4 Comments
User's avatar
Kushal Basu's avatar

Such a great article. I would like to add that the default gaze of the administration, specifically of the bureaucrats towards the vulnerable and marginalised is scums and this trickles down to the lowest in the chain of orders. Who are basically bridging between the state and the beneficiary. Some may argue that this is an overpopulation induced apathy but to me it’s more like an inherent unwillingness to empathise.

The kid that lost her life, was sure trying to get her rights to midday meal back, but the liable bureaucracy was thick skinned enough to let her die because she lacked some paper credentials.

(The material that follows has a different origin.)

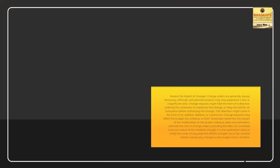Assess the impact of changes. Change orders are generally always necessary, although well-planned projects may only experience a few or insignificant ones. Change requests might take the form of a directive, ordering the contractor to implement the change, or they can ask for an evaluation before authorizing the change. This alteration might come in the form of an addition, deletion, or substitution. Change requests may affect the budget, the schedule, or both.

Apoorvaa S Raghavan's avatar

The probability math is particularly damning. Modern systems often assume that layering safeguards increases reliability. In fragile environments, it can do the opposite by compounding exclusion rather than preventing abuse. That tradeoff rarely gets publicly debated. Truly an insightful read!

naisha's avatar

What an eye-opening read. As a student, we now have another ID called Apaar ID (Advertised as one nation, one student ID) launched last year under NEP 2020 which is also linked to your aadhar. And now that there are so many IDs one need to hold, we have digilocker. I also have been trying to change my aadhar photo since 3 months but even if I come as early as possible, there is always a line of 50+ people (mostly poor) standing. The online token website is futile and your only chance is to stand and hope you get a token. I am curious to know what solutions you think are possible to this. One obvious one is to have more employees and more aadhar center to cater to our huge population. But aside from this, is there no solution modern tech can offer?

talenelat's avatar

Awesome writeup. This is the first I read about the NREGA fiasco.